Massachusetts Institute of Technology
Safe-T-Net will develop new localization algorithms for low-cost devices that can obtain localization information using different radio technologies such as ultra-wideband (UWB) or orthogonal frequency-division multiplexing (OFDM). An important aspect in Safe-T-Net is to exploit multipath propagation to increase localization accuracy and to enable localization capabilities on mobile end-user communication devices. In particular, multi-path phenomena are exploited by inferring the indoor propagation environment together with transmitter / receiver positions. This approach is particularly promising in future 5G communication systems, where millimeter wave signals allow the integration of antenna arrays on handheld devices. -July 2019
Principal Investigator: Moe Win
This project aims to revolutionize situational awareness in public safety emergency situations by employing the paradigm of network-enabled technologies. Currently, public safety capabilities are limited by unobtainable positional and environmental information and unavailable high data rate services in mission critical situations. This project will address these limitations and unleash the following three key innovations to accelerate research, development, production, and testing of localization, mapping, and communication technologies for public safety applications.

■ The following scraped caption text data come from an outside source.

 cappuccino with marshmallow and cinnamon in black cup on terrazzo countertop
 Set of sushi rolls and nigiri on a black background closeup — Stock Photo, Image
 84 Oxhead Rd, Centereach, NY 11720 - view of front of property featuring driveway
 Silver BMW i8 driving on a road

Safe-T-Net will develop new localization algorithms for low-cost devices that perform ranging using diﬀerent radio technologies such as ultra-wideband (UWB) or orthogonal frequency-division multiplexing (OFDM). It will also establish simultaneous localization and mapping (SLAM) techniques that can infer map information from received UWB signals. The resulting localization systems can quickly and accurately determine the positions of responders, assets, and victims.
Safe-T-Net will devise versatile communication demand models that exploit potentials of the Long Term Evolution (LTE) network and the future Internet of Things (IoT) for public safety operations. These models can be used for planning and provisioning operational networks as well as modelling network behaviors in speciﬁc public safety incident response scenarios.

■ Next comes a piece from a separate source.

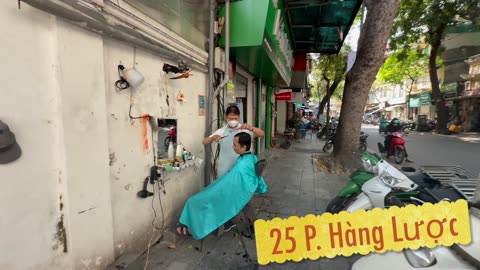 Getting a haircut on the street in Hanoi, Vietnam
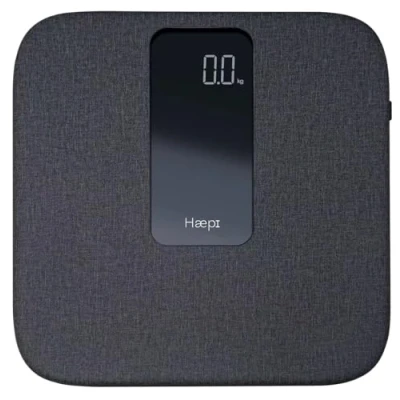 Afbeelding van Haepi Elektronische personenweegschaal Super comfortabel en aangenaam aanvoelend linnen plateau Modern elegant design Maximale capaciteit van 180 kg 15 jaar garantie Inclusief batterijen Linnen.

Safe-T-Net will design context-aware optimization and control strategies for eﬃcient use of communication and localization assets. The envisioned strategies will allow management of resources like power or bandwidth and determination of position and movement of public safety assets for resource-eﬃcient operation. They are especially suitable for situations with disrupted network connectivity due to either routing faults or catastrophic events.
Innovation resulting from Safe-T-Net will lead to shorter response times, and a more eﬃcient use of responder resources, thereby limiting negative eﬀects and minimize casualties in public safety emergencies. The results of this research can easily be integrated in operational tools such as the Next-Generation Incident Command System (NICS). In addition, they will be disseminated to the public safety stakeholder community and used in teaching materials, as well as tutorials and short courses to be presented worldwide.